I remember seeing, in the 1970s, little roadside tourist tchotcke shacks along the small two lane highway, starting somewhere around Tennessee, if memory serves. We never stopped at these places, which looked like a strong wind would blow them down. But from the car you could see their wares proudly displayed, including the ubiquitous confederate flag beach towels that flapped on makeshift clotheslines. Those towels felt like the totem of a border crossing to me: they marked your entry into The South. My folks certainly had enough connection to the confederate past either to feel shame or closeted pride about (my great great grandfather was a lieutenant in the confederacy who survived to go home and become the mayor of the town my father was born in, along with baseball legend, Ty Cobb). But they never talked about that past with us, and they never ever had or displayed any images of the confederate flag. Those beach towels were meant for so-called "redneck," lower class whites I suspect. And my parents had grown up somewhat solidly (despite the intervention of the Great Depression) middle class. But I don't mean to sell my parents short; while it's perhaps impossible to avoid imbibing raced thinking growing up in the US, my parents did a pretty good job of keeping us open minded, and we all had diverse friends growing up. My father sometimes felt a post-civil rights era defensiveness about slams against the South (he used to say he found Boston more segregated than anything he had seen back home after we lived there in the early 1960s). But my parents--and especially my liberal mother-- fostered pro-civil rights values in us.

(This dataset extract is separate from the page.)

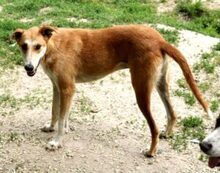 JULIAN, Hund, Windhund in Rumänien - Bild 6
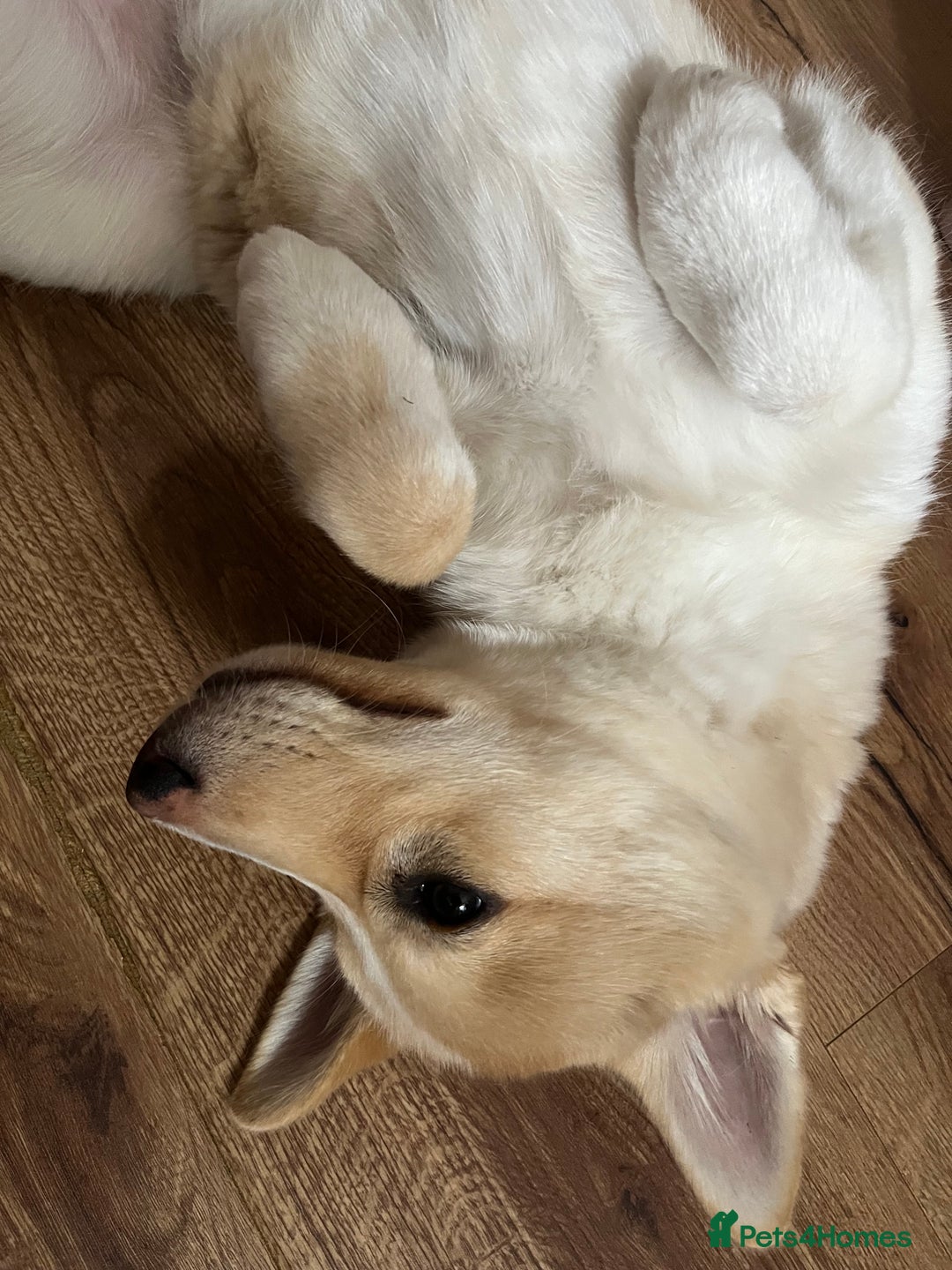 Mixed Breed dogs for sale: 💛Pomsky & Czechoslovakian Wolfdog Puppy Sisters🤎 - Image 6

It's been awhile since I've seen the confederate flag used to adorn an object openly for sale, but in the above photo my husband holds an iPhone cover we saw in a mall kiosk in Kansas this week. It was the sole one, sandwiched in between the rhinestone encrusted ones, and polka dotted ones, and brightly colored ones. To many folks, that flag is a US swastika and should be banned. And I wouldn't argue against that approach. Clearly States should be forbidden from displaying a flag with the confederate flag in it. But I take a more skeptical "free speech" approach when considering an average person displaying it. However wrongheaded and ahistorical it may be, I think the flag is sometimes wielded by white Southerners as a relatively amorphous sign of (somewhat defensive) "Pro-South" sentiment. That is, not as "yay, slavery and genocidal racism!" but more as a sign that has come to mean the South qua the South. Context is clearly important in reading the deployment of a sign. But maybe the sentiment at stake in displaying the confederate flage truly is a "Pro WHITE South" sentiment. Which is why I could never fully defend the flag as "free speech" rather than hate speech.
So how to read the odd conflation of this cover for an expensive, highly sophisticated phone, with global reach both in its manufacture and renown, and a shamed, redneck-identified, burlap sack of a symbol? I was shocked to see it innocently nestled in an innocuous mall kiosk. In part, it made me worry about this place my husband has moved to, where I now spend half my time. The demographics skew heavily white, and the political climate is scary conservative: KS is one of those states that tried to keep President Obama off the reelection ballot in 2012, using the "Birther" smear that he wasn't born in America (which is pretty clearly code for "he ain't white") While a private citizen filed the complaint, KS Secretary of State Kobach said: "“I don’t think it’s a frivolous objection. I do think the factual record could be supplemented.” That's enough context to make me shudder when I see a piece of plastic for sale with a confederate flag on it.